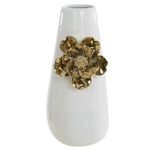 Vaso Decorativo Cerâmica Branco com Flor Dourada 25,2cm 13,8d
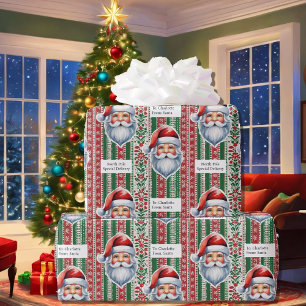 From Santa Child's Name Red & Green North Pole Wrapping Paper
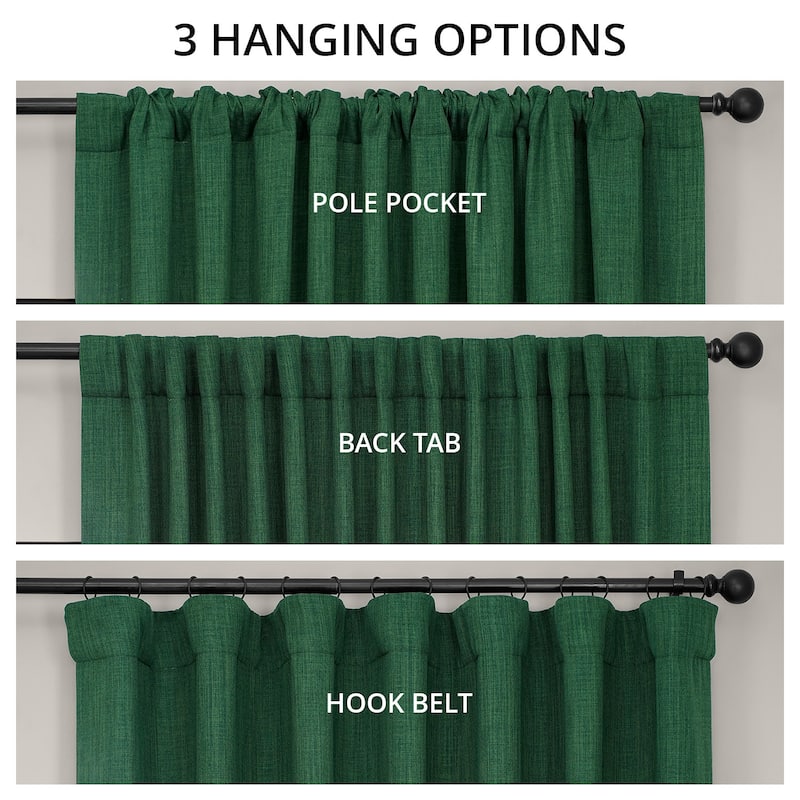 Exclusive Fabrics Textured Faux Linen Extra Wide Room Darkening Curtains for Bedroom & Living Room Curtains (1 Panel)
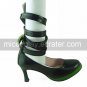 Handmade Black PU Leather 7.5cm High Heel Country Lolita Shoes with Bow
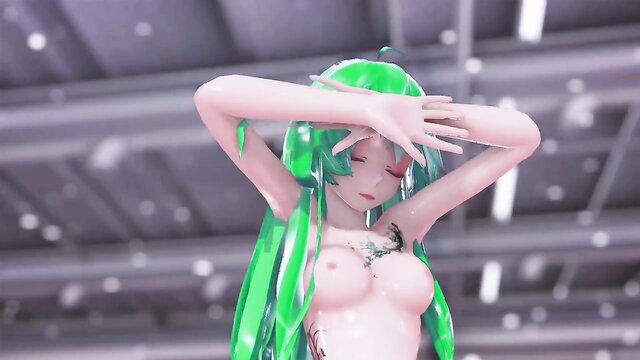 Nude green-haired anime girl MMD hentai 3D dance undressing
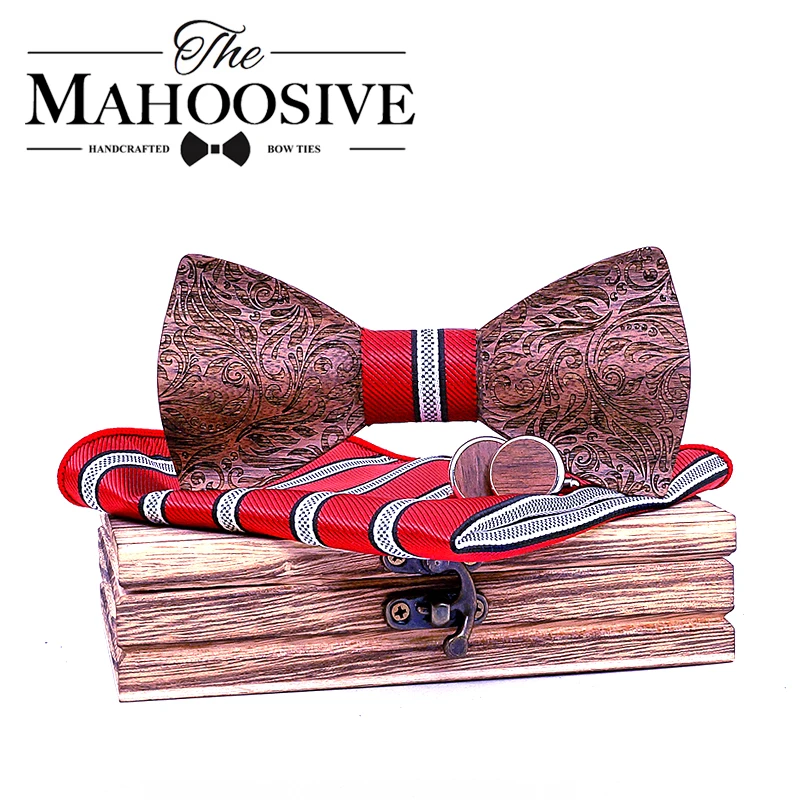 3d kvetinové drevené luky pre mužov drevené kravata drevené drevo Elegantné gentlemanské kravaty ručne vyrobené motýľové svadobné večere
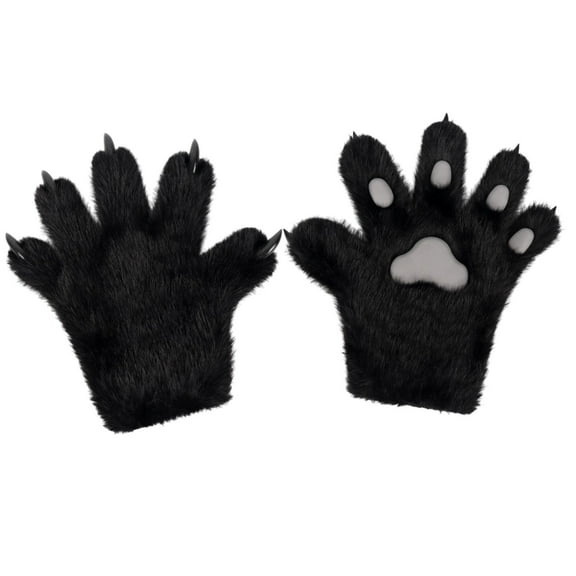 Milageto Animal Gloves Adults Men Women Cat Claw Gloves for Party Role Play Halloween Black Gray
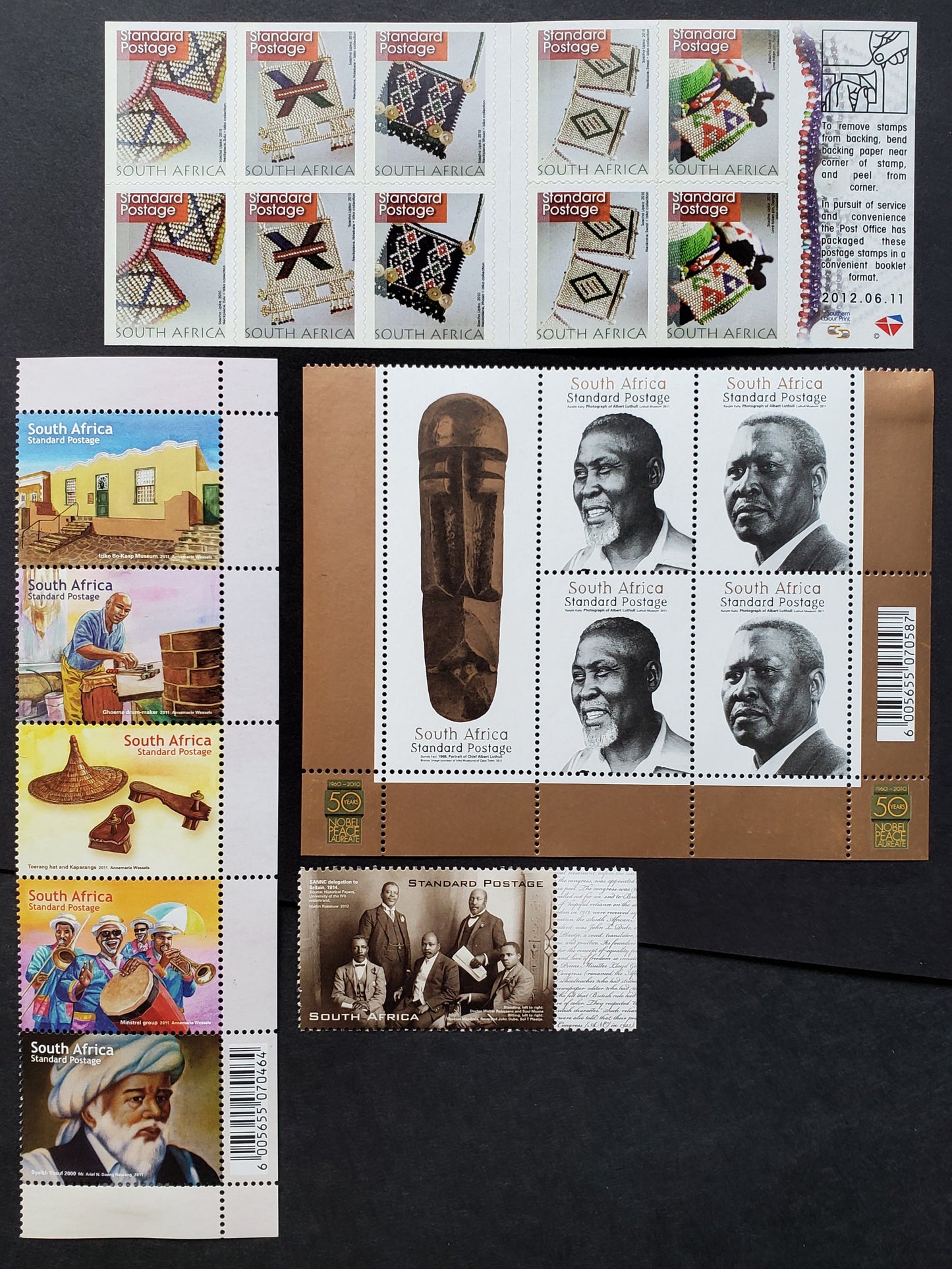 Lot 152 South Africa SC#1456a/1475 2010-2012 Beadwork / South African Native National Congress Issues, A VFNH Booklet Of 10, A Strip Of 5, A Single And A Sheet Of 5, Click on Listing to See ALL Pictures, 2017 Scott Classic Cat. $13.5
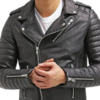 Men's Fitted Leather Biker Jacket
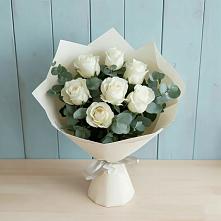 Букет Белые розы в Эвкалипте #REPLACE_PRED# Сычевке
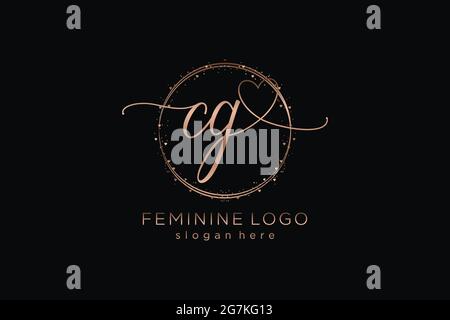 CG Handwriting logo con modello circolare vettore logo di matrimonio iniziale, moda, floreale e botanico con modello creativo. Illustrazione Vettoriale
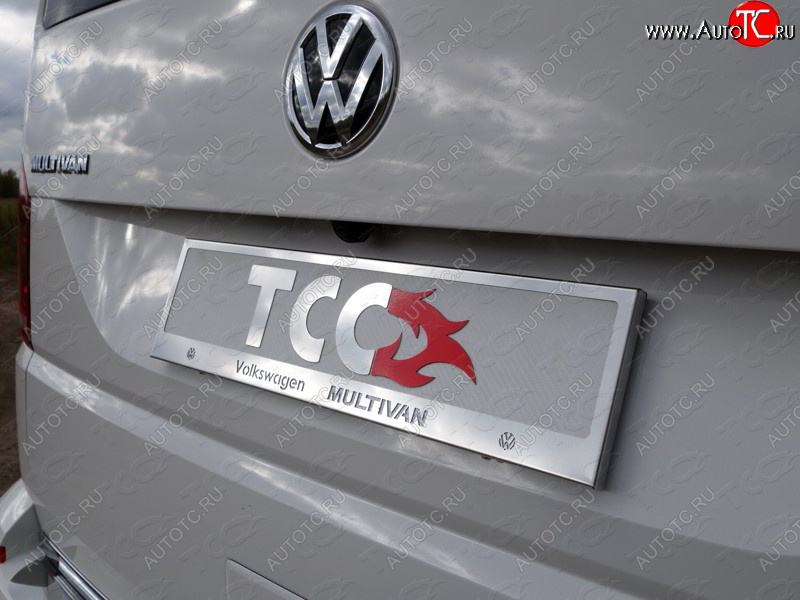 5 999 р. Рамка гос. номера ТСС Тюнинг Volkswagen Multivan T6 дорестайлинг (2016-2019) (нержавейка)  с доставкой в г. Кемерово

* * * * * * * * *

The task — In the data, the line that contains "Lot 152 South" begins the part to write out; restate it and each line after it word for word through the end, with no pictures.

Output for this task —
 Lot 152 South Africa SC#1456a/1475 2010-2012 Beadwork / South African Native National Congress Issues, A VFNH Booklet Of 10, A Strip Of 5, A Single And A Sheet Of 5, Click on Listing to See ALL Pictures, 2017 Scott Classic Cat. $13.5
 Men's Fitted Leather Biker Jacket
 Букет Белые розы в Эвкалипте #REPLACE_PRED# Сычевке
 CG Handwriting logo con modello circolare vettore logo di matrimonio iniziale, moda, floreale e botanico con modello creativo. Illustrazione Vettoriale
 5 999 р. Рамка гос. номера ТСС Тюнинг Volkswagen Multivan T6 дорестайлинг (2016-2019) (нержавейка)  с доставкой в г. Кемерово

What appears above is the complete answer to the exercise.